[MERGE] Make merge more than 2x faster

Thu Jul 12 22:41:06 BST 2007

-----BEGIN PGP SIGNED MESSAGE-----
Hash: SHA1

Aaron Bentley wrote:
> Hi all,
> 
> This patch improves the speed of merge by
> - avoiding a pointless round of conflict detection
> - avoiding duplicate_entry detection when no files have been added
> - avoiding checking whether the base revision is an ancestor if it was
>   selected via least-common-ancestor
> - using set_parent_trees instead of add_parent
> - using dirstate revision trees where possible
> - caching revision trees for later use
> 
> Combined, for my example, they reduce total execution time from ~3.2
> seconds to ~1.5 seconds.
> 
> Aaron

+    def _add_parent(self):

This seems like it should be called '_add_parents()' since it adds any new
parents that it finds.

As for performance improvements, one issue with DirState as it stands, is that
it requires 2 passes to update the working inventory and the parent trees
(rather than a single: here is all your new information). I'm guessing text
extraction is much more of a problem, but it might be something to think about.
(You've done more profiling in this area than I have).

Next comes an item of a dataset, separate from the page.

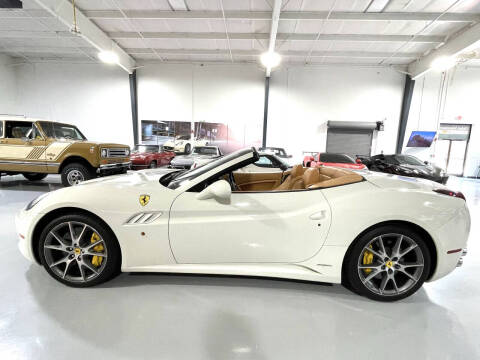 2014 Ferrari California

Have you tried it with my knit_index_pyrex patch? It should help merge a lot if
it is reading data from different file knits. (Like merging 100 revisions of
bzr.dev into an old branch).


+        try:
+            pb = ui.ui_factory.nested_progress_bar()
+            try:
+                this_repo = self.this_branch.repository
+                graph = this_repo.get_graph()
+                revisions = [ensure_null(self.this_basis),
+                             ensure_null(self.other_basis)]
+                if NULL_REVISION in revisions:
+                    self.base_rev_id = NULL_REVISION
+                else:
+                    self.base_rev_id = graph.find_unique_lca(*revisions)
+                    if self.base_rev_id == NULL_REVISION:
+                        raise UnrelatedBranches()
+            finally:
+                pb.finished()
+        except NoCommonAncestor:
+            raise UnrelatedBranches()

^- It seems like your try/finally for the pb should be outside your try/except
NoCommonAncestor, though the except NoCommonAncestor seems completely
unnecessary at this point, since it looks like find_unique_lca returns
NULL_REVISION rather thain raising NoCommonAncestor.

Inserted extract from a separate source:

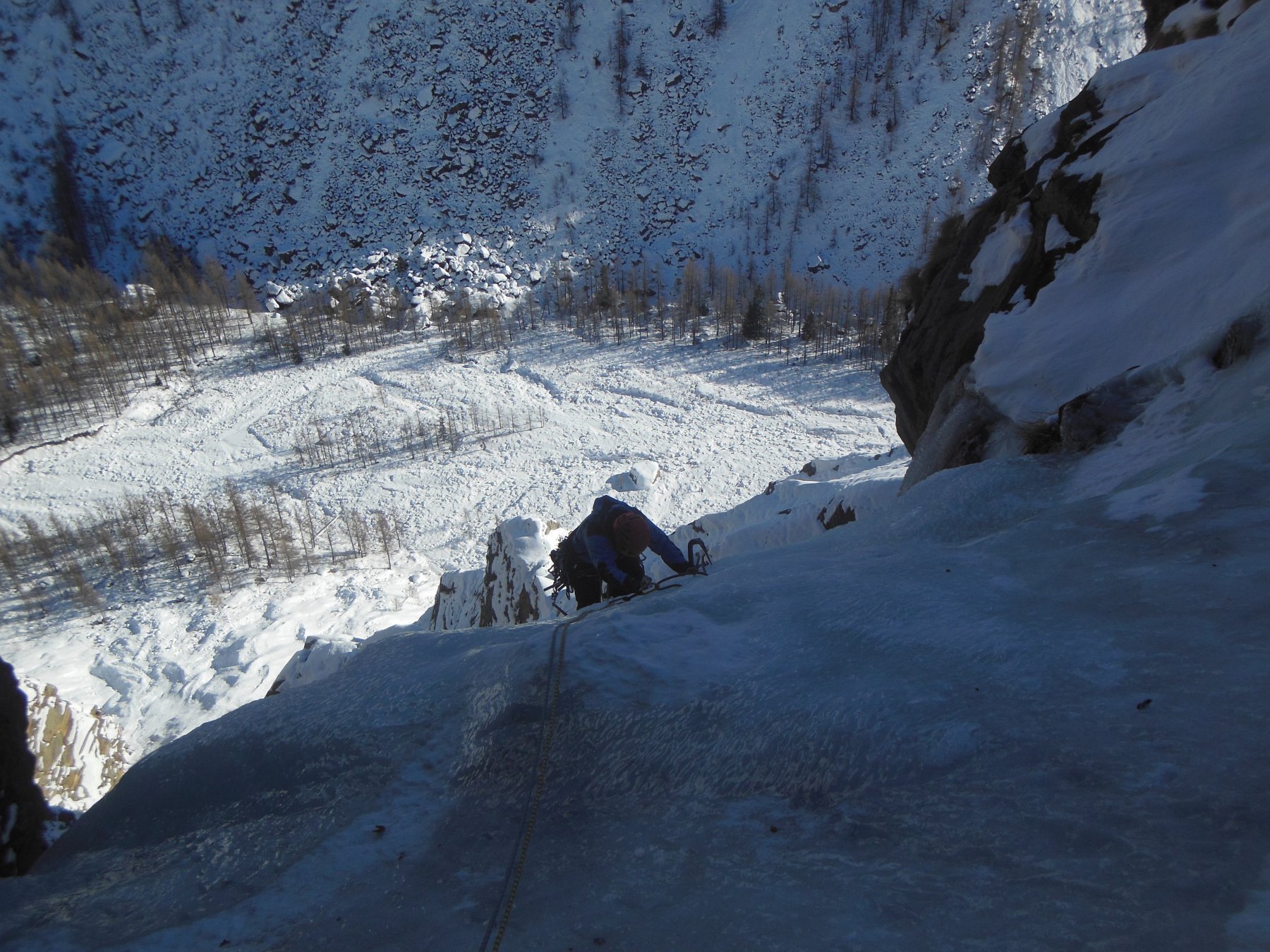 Fuori dal tiro chiave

+    def _maybe_fetch(self, source, target, revision_id):
+        if (source.repository.bzrdir.root_transport.base !=
+            target.repository.bzrdir.root_transport.base):
+            target.fetch(source, revision_id)
+

^- It is a shame that you have to do this sort of work. It would probably be
better to put this sort of effort into Repository.fetch() itself.
We could even have an "SameRepoFetcher()" that just sees that source and target
are the same repository, and does nothing. I'm not going to say you have to do
it, just that this makes it obvious to me that our current Repository.fetch()
is unnecessarily slow.

=== modified file bzrlib/workingtree_4.py // last-changed:abentley at panoramicfee
... dback.com-20070712170702-kefnhuo926w6cvhz
- --- bzrlib/workingtree_4.py
+++ bzrlib/workingtree_4.py
@@ -1488,6 +1488,10 @@
             return parent_details[1]
         return None

+    def get_weave(self, file_id):
+        return self._repository.weave_store.get_weave(file_id,
+                self._repository.get_transaction())
+

^- Why is this necessary?

Anyway, good job overall. Merge has certainly been a command that I "fire and
forget" until later, it will be nice when it is sub-heartbeat.


John
=:->
-----BEGIN PGP SIGNATURE-----
Version: GnuPG v1.4.7 (Darwin)
Comment: Using GnuPG with Mozilla - http://enigmail.mozdev.org

iD8DBQFGlp/yJdeBCYSNAAMRAgQ/AKCvPJCxP95/WdFNY7H7XgMd4pLwfgCg04NC
1KPqLioJsO/3BkIMZS/ZVjE=
=ms1K
-----END PGP SIGNATURE-----